> **The task**
Since the listing below shows pictures, leave them out and write out exactly the lines from the line with "FatFace Black Haylie" to the line with "Sterling Silver Small", both included, and no others.

> **Information shown**
>>>
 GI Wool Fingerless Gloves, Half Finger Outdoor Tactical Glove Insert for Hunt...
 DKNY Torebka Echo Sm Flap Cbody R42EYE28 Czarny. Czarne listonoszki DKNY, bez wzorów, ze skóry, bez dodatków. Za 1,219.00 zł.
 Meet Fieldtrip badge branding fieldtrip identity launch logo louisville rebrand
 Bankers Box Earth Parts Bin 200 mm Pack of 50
<<<
>>>
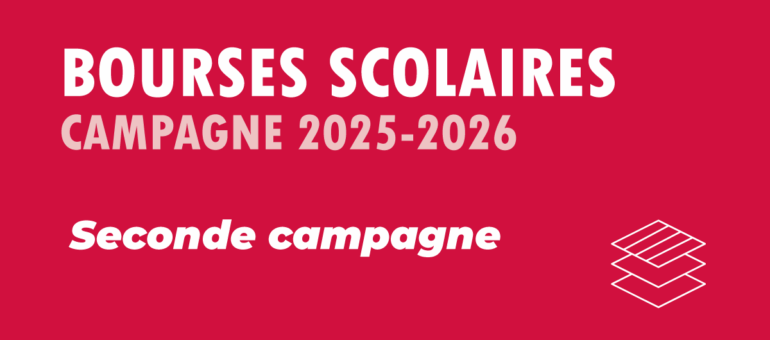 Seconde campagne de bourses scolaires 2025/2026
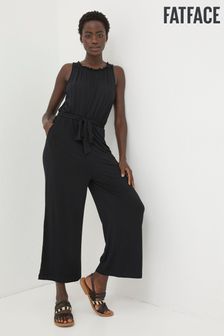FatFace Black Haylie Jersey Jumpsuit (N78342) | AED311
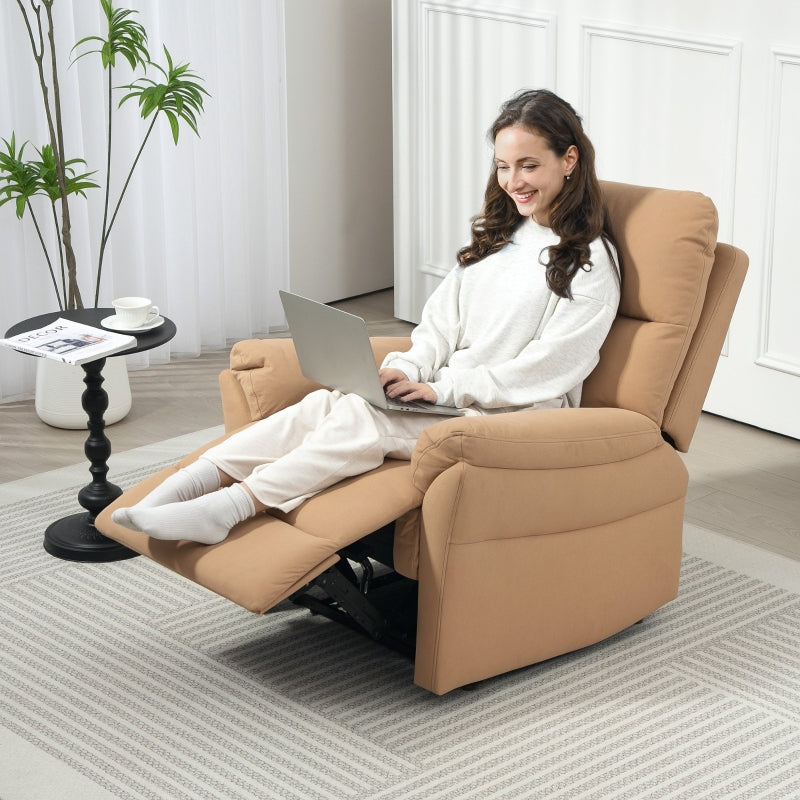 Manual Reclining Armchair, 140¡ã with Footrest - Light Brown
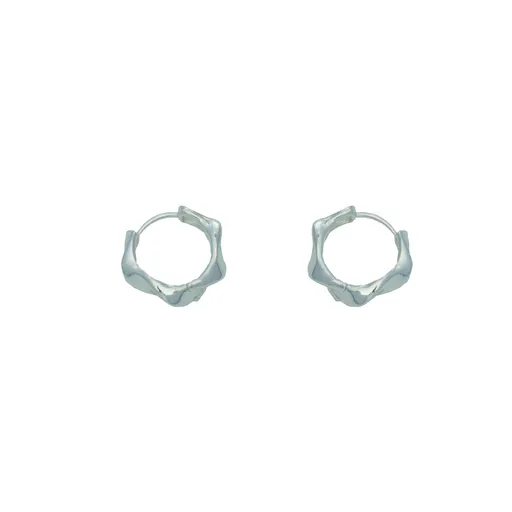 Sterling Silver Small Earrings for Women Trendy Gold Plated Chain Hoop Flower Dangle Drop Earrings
<<<
>>>
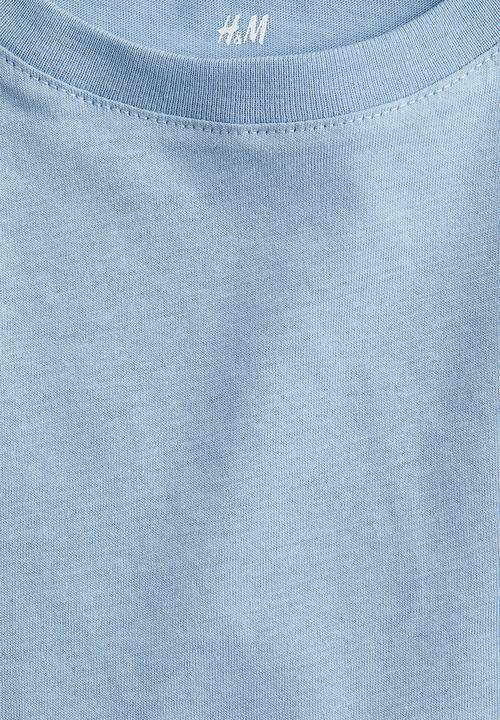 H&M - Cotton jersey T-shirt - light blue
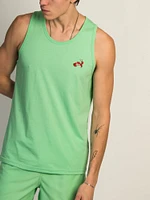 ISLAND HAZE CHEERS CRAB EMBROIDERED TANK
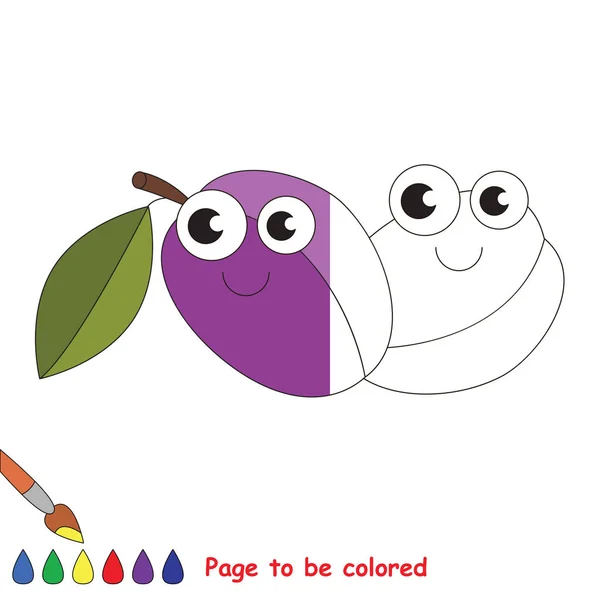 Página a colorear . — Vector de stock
<<<
> **Answer below**
FatFace Black Haylie Jersey Jumpsuit (N78342) | AED311
 Manual Reclining Armchair, 140¡ã with Footrest - Light Brown
 Sterling Silver Small Earrings for Women Trendy Gold Plated Chain Hoop Flower Dangle Drop Earrings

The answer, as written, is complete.